Reduce heat to low and simmer for 45 minutes, stirring from time to time.
Oh if only you could taste this now!
Now at this point, you can allow it to cool slightly and then ladle it into rubbermaid type refrigerator containers or jars and store it in your fridge for up to two months. It will last you all summer!
I’m going to can mine, though, so I can keep it in my pantry. Canning is really simple, much easier than you imagine. To see the method I’m using for my barbecue sauce, click here to visit my canning tutorial.
So I got to use my canning ladle (click here for information on how to get one) again for this post! (I talked about it in my Strawberry Freezer Jam Post). Still in love with this thing. The hook you see allows it to hang on the side of the pot so it won’t fall in, it scoops the exact amount you need to fill an 8 ounce jar, and it is even shaped so it can scrape the bottom of the pot clean.
Truly, you need one.
So far I’ve bought one for Mama, My friend Jyl, and two for myself!
Dips a perfect 8 ounces…
If you do decide to put it in canning jars (whether to can it or just to store in the fridge), make sure you use a canning funnel for ease. I am using mostly eight ounce jars so one scoop for each jar gives me enough to fill it.
This recipe makes almost one complete gallon – 15 cups.
See? My ladle gets the last little bit out of the pot.
This divinely distinct barbecue sauce is perfect on pretty much anything.

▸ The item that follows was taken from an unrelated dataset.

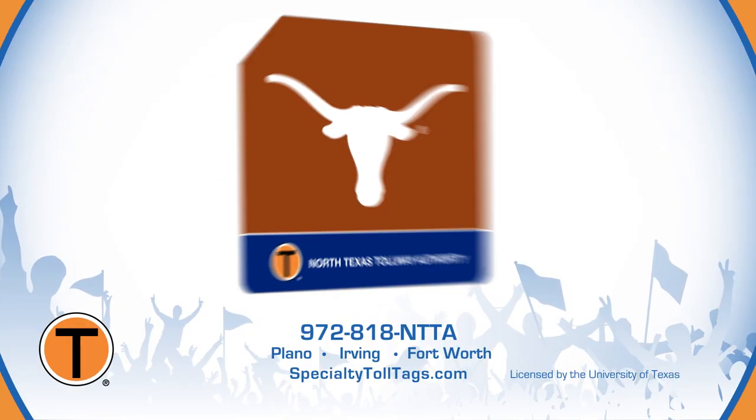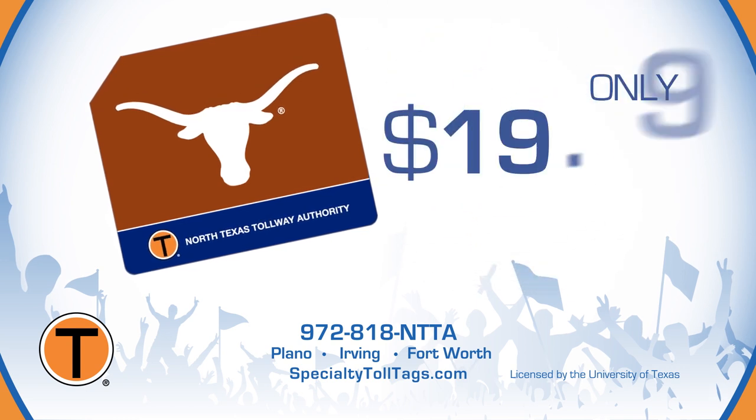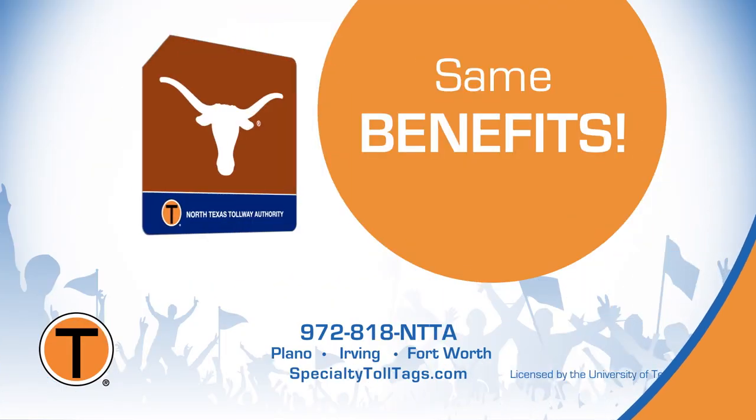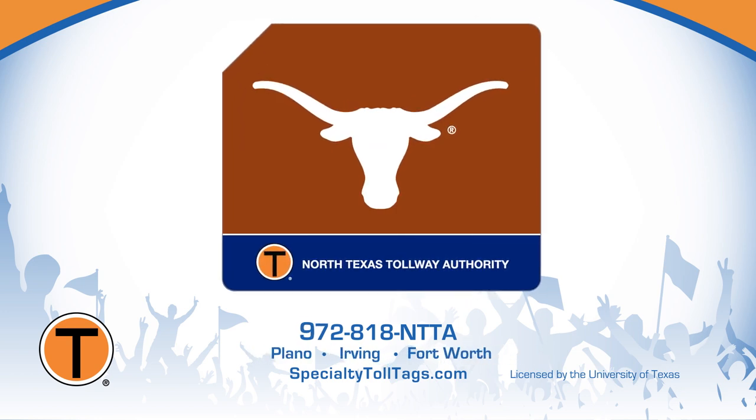Make other fans burnt orange with envy by sporting a Texas Longhorns Toll Tag and scoring big Toll Tag savings. UT Toll Tags are available now for $19.99 and provide the same benefits as a standard Toll Tag. Open a new account or upgrade your current Toll Tag by visiting one of our locations, calling NTTA, or visiting SpecialtyTollTags.com.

Chicken, ribs, burgers, pulled pork, shredded beef, and sometimes, I just smear a little bit on some wheat bread
Flavor up your summer with Old Number 5!
- 2 Cups Dark Brown Sugar
- 2 teaspoons salt
- 1 teaspoon onion powder
- 1 teaspoon garlic powder
- 1 teaspoon chili powder
- 3 Tablespoons ground black pepper
- 8 Tablespoons cornstarch
- 4 cups ketchup
- 4 cups water
- 3 cups Golden Eagle or Yellow Label Syrup (see note)
- 2 cups cider vinegar
- 4 Tablespoons Worcestershire sauce
- 2 Tablespoons white vinegar
- In a small bowl, mix all the dry ingredients. It is very important that you mix all of the dry ingredients together at once before adding to the wet. If you don't add your cornstarch during this step, it will not dissolve later.
- In the pot you are going to cook in (I prefer a heavy dutch oven so it doesn't scorch), mix together all wet ingredients. Whisk in the dry mixture.
- Place over medium high heat and stir constantly until it comes to a low boil. Reduce heat and simmer for 45 minutes, stirring from time to time.
- Allow to cool slightly and place in containers to store in the refrigerator until ready to use, or can in mason jars using the method described here.
When faced with a situation (in the Army) that made me very angry but I couldn’t say anything, a dear friend said these wise words to me. “So compared to World War II, how important is this?” I try to keep this one in mind many times.